In the final talk of the conference Kristian Almstrup of Copenhagen University Hospital had been selected to present his poster on Spermatogenesis. Inspired by the fact that 40% of Danish conscripts to military service have sperm counts that indicate they may have fertility problems, he set out to identify affected genes by a set of different functional genomics approaches. Using differential display competitive PCR, he randomly amplified a large number of gene pieces, from cDNA libraries and picked the ones which were differentially expressed in testicular tissues from low-sperm count mice. These genes were arranged on glass slides for microarray analysis of gene expression during development of these cells, and also used for in-situ hybridization probes. The microarray data were in good agreement with the differential display, however, the in-situ studies showed that an apparent down-regulation in a tissue slide can cover upregulation in certain cell types which constitute only a minor part of the tissue. Nevertheless, the differentially expressed gene set proved useful for analysing the effects of adding endocrine disrupter chemicals suspected of causing reduced sperm quality.

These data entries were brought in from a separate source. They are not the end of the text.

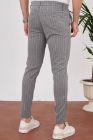 BayAygun 4013 Slim Fit İnce Çizgili Pantolon_Gri resmi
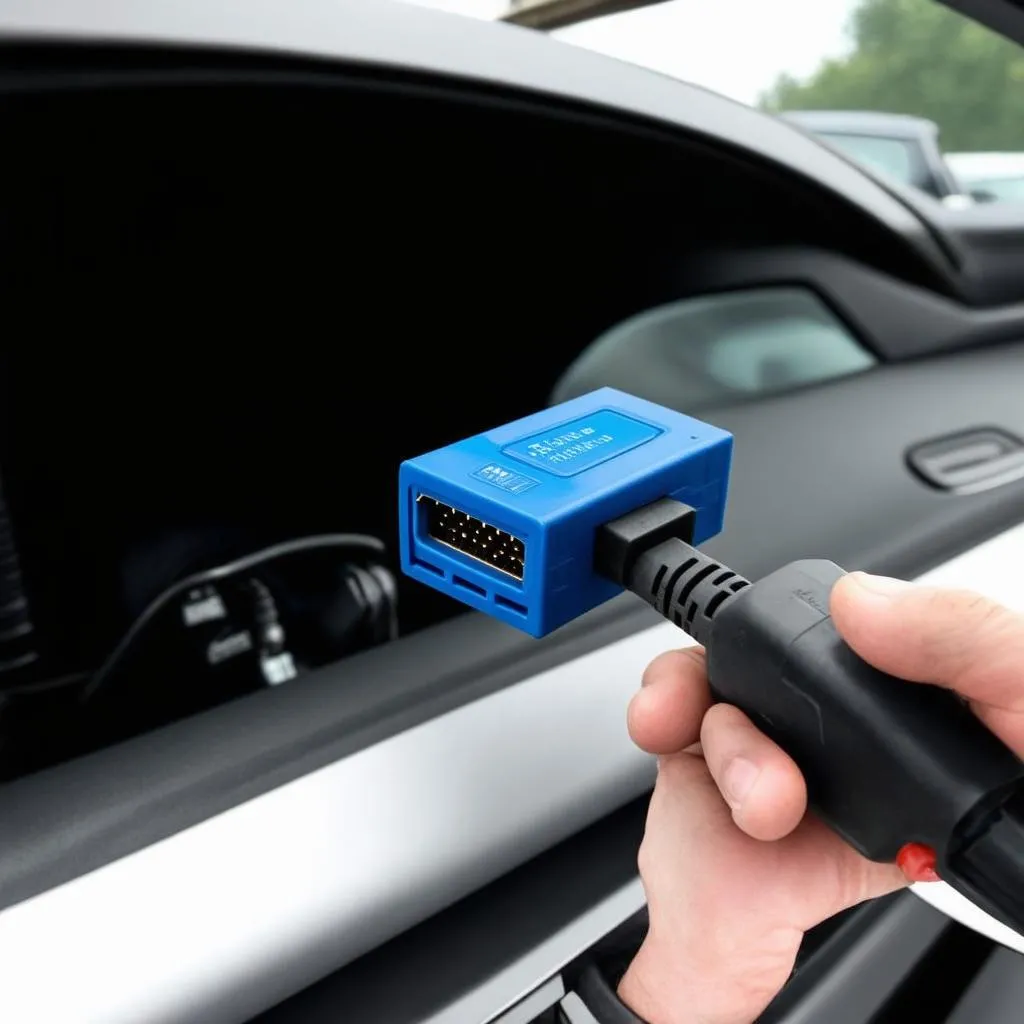 OBD Scanner plugged into a European Car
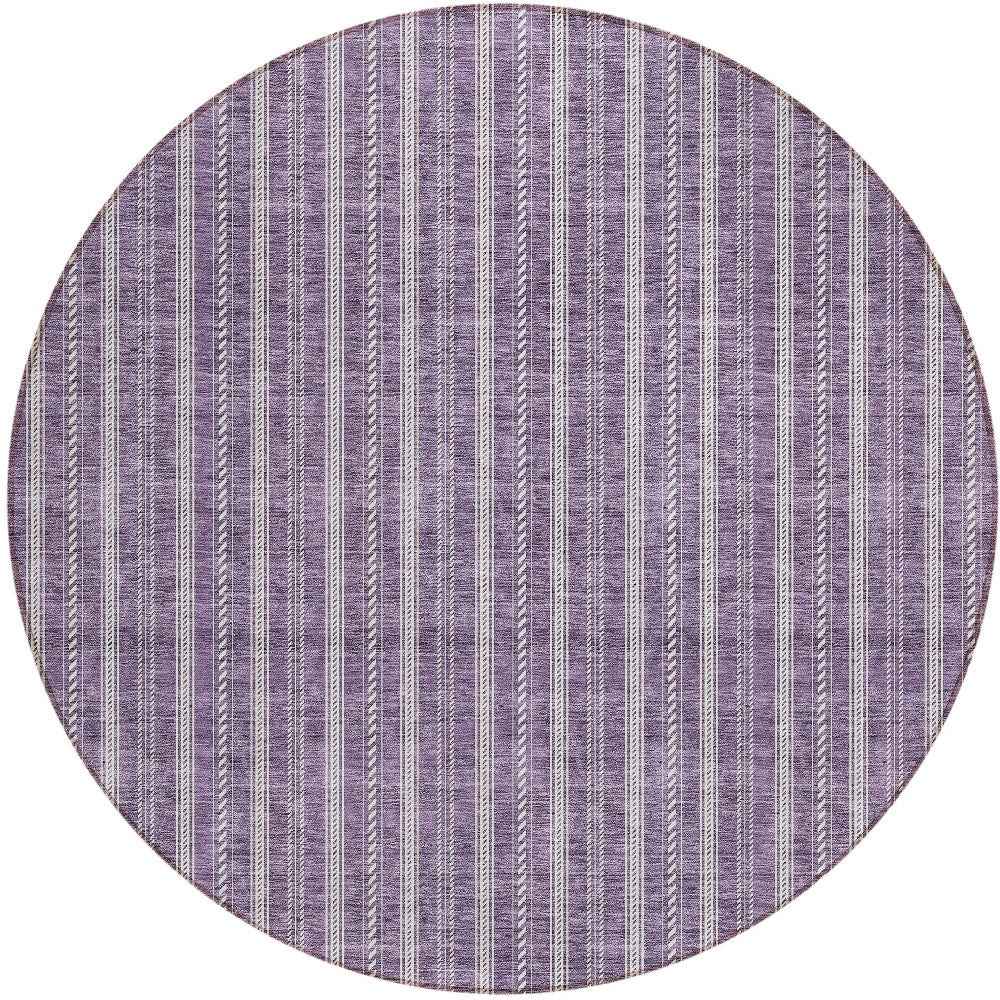 8' Purple And Ivory Round Striped Washable Indoor Outdoor Area Rug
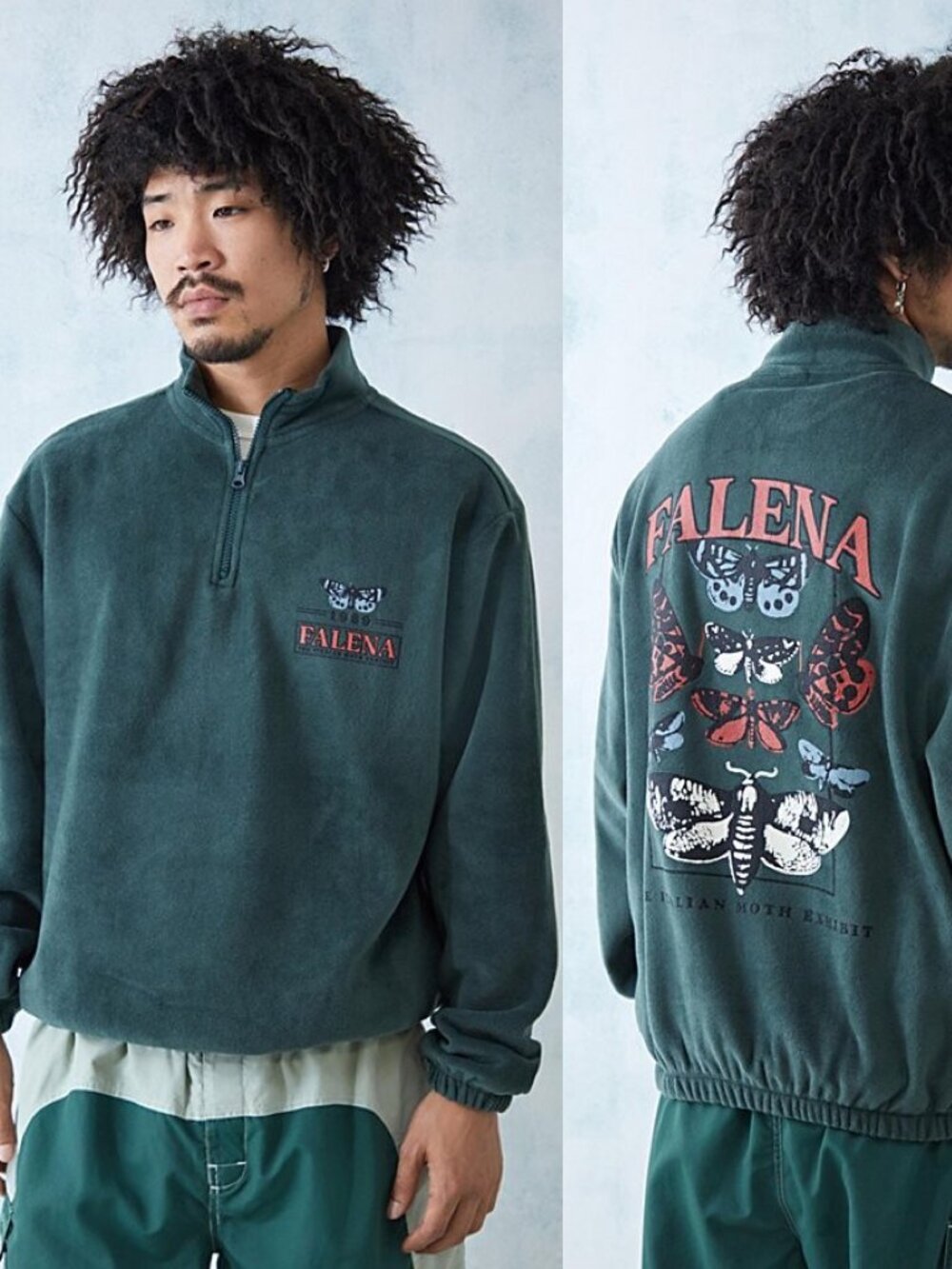 Urban Outfitters Mens Teal Falena Mock Neck 1/4 Zip Fleece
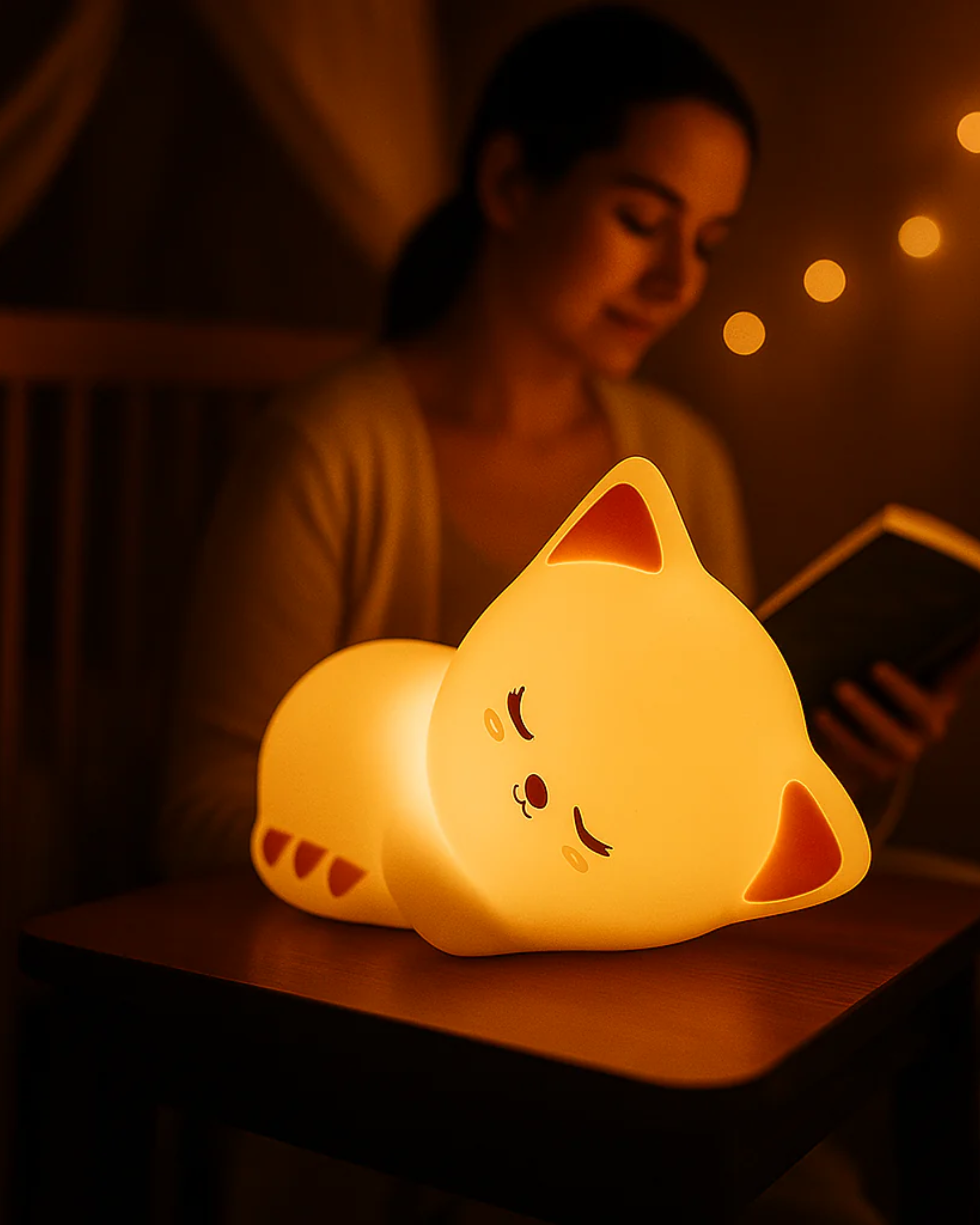 Sleeping Kitten Silicone Night Light – Soothing Glow for Peaceful Nights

This presentation implicitly carried a simple but important message about using several overlapping approaches to address a biological problem. This was appropriate advice for an audience that for two days had been discussing the most specialized and refined methodologies. Users of such exquisite tools inherently are at risk of becoming too reliant on the technological advances for their  own particular tool to take other supplementary approaches into use. While the "new biology" is driven forward on technological wizardry, one must remember the virtues of traditional scientific methodology when trying to find useful answers to biological problems.

DBC IX:

With a new topics for each year's Danish Biotechnology Conference, a regular participant will appreciate the breadth of biotechnology research practiced in this region.  The first few conferences focused on the industrial and food applications of biotechnology, however, in recent years the congress program has been increasingly open to technology topics, including their application in medicine. DBC IX will be held May 22-23, 2003 with the topic "Eukaryotic Cell Factory and Protein Expression".